In the entries below, find the line with "Great saddle, affordable" and the line with "His eyes are"; give again those lines and every line between them, exactly.

_ _ _

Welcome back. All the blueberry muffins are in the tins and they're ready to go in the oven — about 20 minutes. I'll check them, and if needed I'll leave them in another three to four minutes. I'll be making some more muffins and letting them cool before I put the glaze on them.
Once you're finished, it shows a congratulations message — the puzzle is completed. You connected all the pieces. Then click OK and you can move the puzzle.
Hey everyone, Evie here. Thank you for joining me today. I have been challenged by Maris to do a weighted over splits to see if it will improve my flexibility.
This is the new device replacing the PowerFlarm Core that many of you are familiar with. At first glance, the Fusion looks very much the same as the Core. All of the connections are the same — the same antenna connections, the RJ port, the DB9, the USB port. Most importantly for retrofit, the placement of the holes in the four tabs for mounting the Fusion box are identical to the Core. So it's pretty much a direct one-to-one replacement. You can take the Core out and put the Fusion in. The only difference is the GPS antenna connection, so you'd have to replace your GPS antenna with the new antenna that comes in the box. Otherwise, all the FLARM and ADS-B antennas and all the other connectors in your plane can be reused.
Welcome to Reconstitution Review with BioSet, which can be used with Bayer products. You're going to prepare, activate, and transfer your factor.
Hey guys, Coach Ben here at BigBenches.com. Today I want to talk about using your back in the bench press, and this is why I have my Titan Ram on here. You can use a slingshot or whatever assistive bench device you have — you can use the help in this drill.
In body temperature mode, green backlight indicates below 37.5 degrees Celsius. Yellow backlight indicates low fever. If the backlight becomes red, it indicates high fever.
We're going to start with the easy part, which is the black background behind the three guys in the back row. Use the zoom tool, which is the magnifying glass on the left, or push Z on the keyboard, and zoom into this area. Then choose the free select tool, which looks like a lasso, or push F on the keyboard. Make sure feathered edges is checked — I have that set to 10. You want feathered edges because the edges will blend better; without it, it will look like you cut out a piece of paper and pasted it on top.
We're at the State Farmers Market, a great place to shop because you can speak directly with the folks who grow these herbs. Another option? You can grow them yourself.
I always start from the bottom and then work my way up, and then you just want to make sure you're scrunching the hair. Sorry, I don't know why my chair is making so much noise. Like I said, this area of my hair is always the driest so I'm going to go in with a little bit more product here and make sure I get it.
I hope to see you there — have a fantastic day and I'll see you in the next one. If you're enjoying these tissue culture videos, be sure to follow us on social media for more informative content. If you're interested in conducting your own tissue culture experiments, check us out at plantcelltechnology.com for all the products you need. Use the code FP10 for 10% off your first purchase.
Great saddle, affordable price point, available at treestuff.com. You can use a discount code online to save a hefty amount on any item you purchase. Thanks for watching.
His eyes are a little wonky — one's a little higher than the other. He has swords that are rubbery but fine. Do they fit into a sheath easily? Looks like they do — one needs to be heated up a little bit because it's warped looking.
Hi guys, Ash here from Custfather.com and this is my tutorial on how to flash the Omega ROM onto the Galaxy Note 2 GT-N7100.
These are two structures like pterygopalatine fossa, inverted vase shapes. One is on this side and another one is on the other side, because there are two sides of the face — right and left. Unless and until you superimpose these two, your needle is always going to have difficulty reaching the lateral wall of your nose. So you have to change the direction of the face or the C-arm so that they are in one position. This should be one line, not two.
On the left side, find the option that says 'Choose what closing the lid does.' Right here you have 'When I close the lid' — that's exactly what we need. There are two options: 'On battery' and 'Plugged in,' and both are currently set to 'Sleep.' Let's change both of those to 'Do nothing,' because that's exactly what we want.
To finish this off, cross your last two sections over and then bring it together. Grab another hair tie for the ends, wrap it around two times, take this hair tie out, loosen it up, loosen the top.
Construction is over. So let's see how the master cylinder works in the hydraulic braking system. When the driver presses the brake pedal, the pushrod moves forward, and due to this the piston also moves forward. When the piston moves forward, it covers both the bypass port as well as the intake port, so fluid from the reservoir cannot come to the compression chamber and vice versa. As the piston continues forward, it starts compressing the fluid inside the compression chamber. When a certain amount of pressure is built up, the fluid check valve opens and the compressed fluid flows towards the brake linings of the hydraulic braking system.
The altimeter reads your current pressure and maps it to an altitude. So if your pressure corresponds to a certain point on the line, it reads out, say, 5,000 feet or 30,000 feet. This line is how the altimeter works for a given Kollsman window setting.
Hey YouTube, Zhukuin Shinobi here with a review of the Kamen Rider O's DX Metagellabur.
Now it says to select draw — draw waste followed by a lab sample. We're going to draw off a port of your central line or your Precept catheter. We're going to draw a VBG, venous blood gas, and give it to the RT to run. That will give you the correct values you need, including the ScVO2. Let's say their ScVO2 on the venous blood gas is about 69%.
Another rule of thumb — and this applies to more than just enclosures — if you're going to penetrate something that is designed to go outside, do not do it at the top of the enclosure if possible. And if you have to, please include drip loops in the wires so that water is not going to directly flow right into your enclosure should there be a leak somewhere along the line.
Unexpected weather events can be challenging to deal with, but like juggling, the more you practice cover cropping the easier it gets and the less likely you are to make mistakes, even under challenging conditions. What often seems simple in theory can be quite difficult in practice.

_ _ _

• **WORKED SOLUTION**:
Great saddle, affordable price point, available at treestuff.com. You can use a discount code online to save a hefty amount on any item you purchase. Thanks for watching.
His eyes are a little wonky — one's a little higher than the other. He has swords that are rubbery but fine. Do they fit into a sheath easily? Looks like they do — one needs to be heated up a little bit because it's warped looking.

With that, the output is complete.